The i386 processor family poses a challenge for kernel builders. These processors have maintained instruction set compatibility for many years; code built for early Pentium processors will likely still run on current hardware. The problem is that code built for these older processors will fail to take advantage of features added later on. The "least common denominator" approach can thus lead to sub-optimal use of current CPUs.

The kernel has a number of ways of dealing with this challenge. In some cases it can make decisions at run time, using processor features only if they are found to be present. Other features are only available by way of build-time configuration options; selecting these will result in a kernel which will not run on older systems. Yet another mechanism is the "alternatives" feature, which allows the kernel to optimize itself at boot time. Consider this example of alternatives use (from include/asm-i386/system.h):

    #define mb() alternative("lock; addl $0,0(%%esp)", \
                             "mfence", \
			     X86_FEATURE_XMM2)

This macro places a memory barrier in the code, ensuring that all memory reads and writes initiated before the barrier complete before execution continues. The default implementation is essentially a bus-locked no-op; it will work anywhere. On newer systems, however, the more efficient mfence instruction is available, and it would be nice to use it.

The alternative() macro compiles in the default code, but also makes a note of its location (and alternative implementation) in a special ELF section. Early in the boot process, the kernel calls apply_alternatives(), which makes a pass through that special section. Every alternative instruction which is supported by the running processor is patched directly into the loaded kernel image; it will be filled with no-op instructions if need be. Once apply_alternatives() has finished its work, the kernel behaves as if it had been compiled for the processor it is actually running on. This mechanism allows distributors to ship generic kernels which can optimize themselves at boot time.

The 2.6 mainline uses alternatives sparingly: for barriers, prefetch hints, and saving the floating point unit state. Gerd Knorr, however, believes that the use of alternatives could be expanded to further reduce the range of kernels which distributors need to ship - and to improve runtime flexibility as well. In particular, he thinks that kernels can be optimized for single- or multiprocessor systems on the fly.

Gerd's SMP alternatives patch is an implementation of this concept. It creates an new macro (alternative_smp()) which can be used to specify optimal implementations of an operation on both uniprocessor and SMP systems; the proper version will then be selected at runtime. The main use of SMP alternatives in his patch is with spinlock operations; spinlocks can be patched in or edited out, as dictated by the configuration of the system at boot time.

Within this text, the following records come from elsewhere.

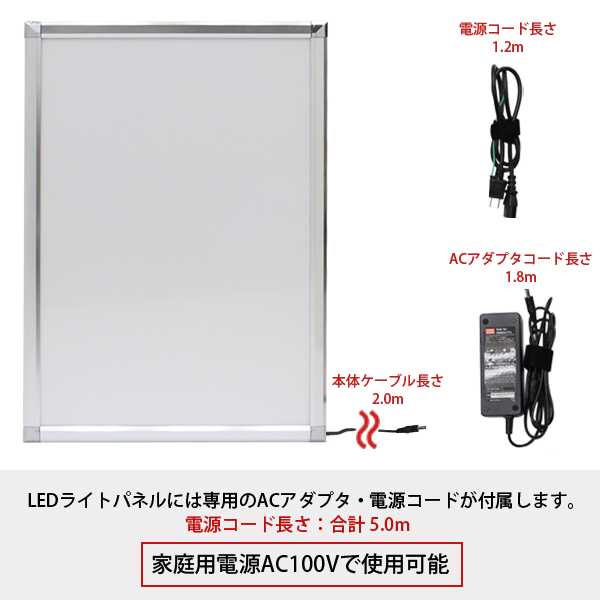 ブース用LEDライトパネルセット(A1)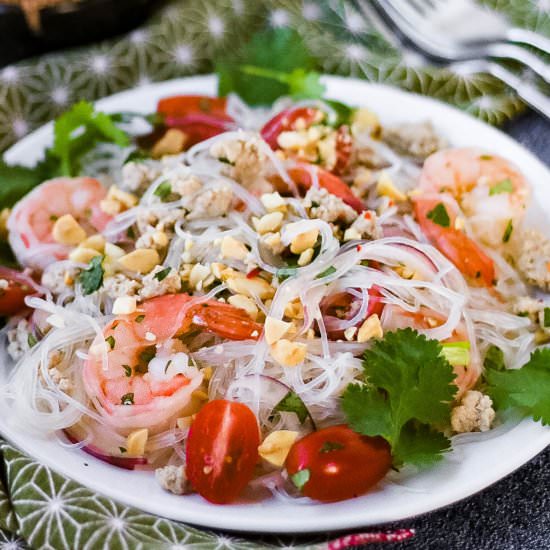 Yum Woon Sen or Thai Glass Noodle - Recipe photo by AllWaysDelicious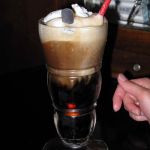 I think Jenny got a coke float with a shot of cherry. I can't remember.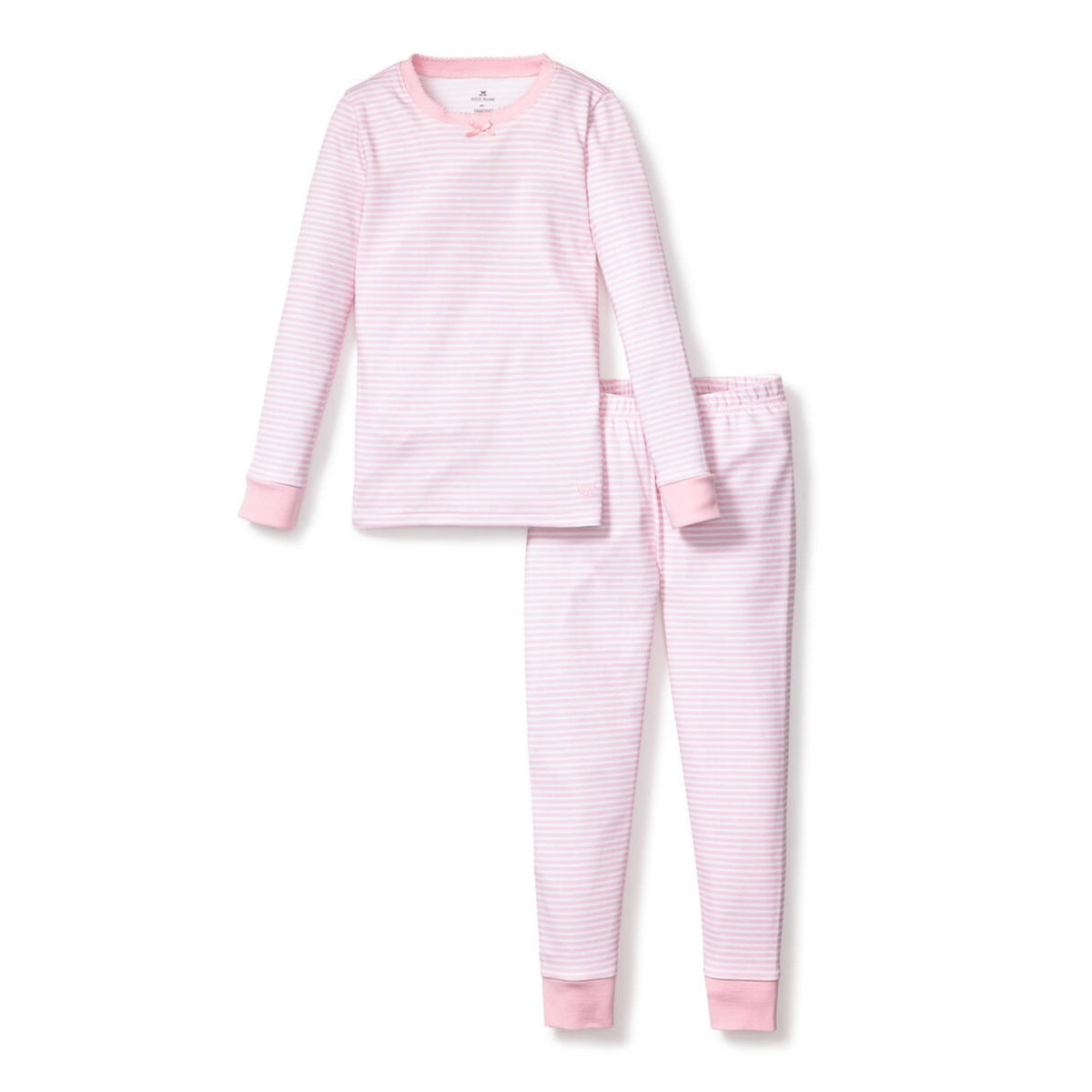 Petite Plume Long Pajamas - Pink Stripe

There are a couple of interesting features in Gerd's patch. One is in the handling of the i386 architecture's lock prefix. This prefix, when applied to specific instructions, causes the instruction to run in a bus-locked, atomic manner. It is used for operations which must be seen coherently across a multiprocessor system; these include semaphore operations and the atomic_t implementation. Use of the lock prefix on uniprocessor systems imposes a runtime cost with no benefit; it would be nice to edit those out. The SMP alternatives patch takes a shortcut here; it simply remembers each location where a lock prefix appears. If the kernel boots on a uniprocessor system, all of those prefixes can be quickly overwritten with no-ops.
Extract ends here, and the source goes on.